[Opening The data section]
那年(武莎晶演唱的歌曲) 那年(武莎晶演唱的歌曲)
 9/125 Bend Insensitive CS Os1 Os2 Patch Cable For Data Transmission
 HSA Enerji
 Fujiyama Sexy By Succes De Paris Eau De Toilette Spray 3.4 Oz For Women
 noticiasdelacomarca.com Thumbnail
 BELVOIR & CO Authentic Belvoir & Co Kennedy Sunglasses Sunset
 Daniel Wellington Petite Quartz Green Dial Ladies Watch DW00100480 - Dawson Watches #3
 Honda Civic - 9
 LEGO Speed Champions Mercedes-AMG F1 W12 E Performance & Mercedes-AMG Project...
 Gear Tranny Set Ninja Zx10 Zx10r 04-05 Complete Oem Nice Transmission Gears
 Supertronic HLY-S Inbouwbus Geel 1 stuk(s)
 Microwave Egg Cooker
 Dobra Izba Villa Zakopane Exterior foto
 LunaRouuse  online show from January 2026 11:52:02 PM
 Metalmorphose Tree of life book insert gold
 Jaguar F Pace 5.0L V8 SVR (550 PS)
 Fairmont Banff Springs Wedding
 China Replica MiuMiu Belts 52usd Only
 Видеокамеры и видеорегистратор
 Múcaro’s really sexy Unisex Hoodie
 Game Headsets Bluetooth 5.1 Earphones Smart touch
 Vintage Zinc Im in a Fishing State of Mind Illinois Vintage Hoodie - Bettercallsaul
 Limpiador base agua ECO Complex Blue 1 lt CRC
[Closing The data section]
■ Requirement
Output exactly the lines between the one containing "Gear Tranny Set" and the final line above, both inclusive.

■ Reply
 Gear Tranny Set Ninja Zx10 Zx10r 04-05 Complete Oem Nice Transmission Gears
 Supertronic HLY-S Inbouwbus Geel 1 stuk(s)
 Microwave Egg Cooker
 Dobra Izba Villa Zakopane Exterior foto
 LunaRouuse  online show from January 2026 11:52:02 PM
 Metalmorphose Tree of life book insert gold
 Jaguar F Pace 5.0L V8 SVR (550 PS)
 Fairmont Banff Springs Wedding
 China Replica MiuMiu Belts 52usd Only
 Видеокамеры и видеорегистратор
 Múcaro’s really sexy Unisex Hoodie
 Game Headsets Bluetooth 5.1 Earphones Smart touch
 Vintage Zinc Im in a Fishing State of Mind Illinois Vintage Hoodie - Bettercallsaul
 Limpiador base agua ECO Complex Blue 1 lt CRC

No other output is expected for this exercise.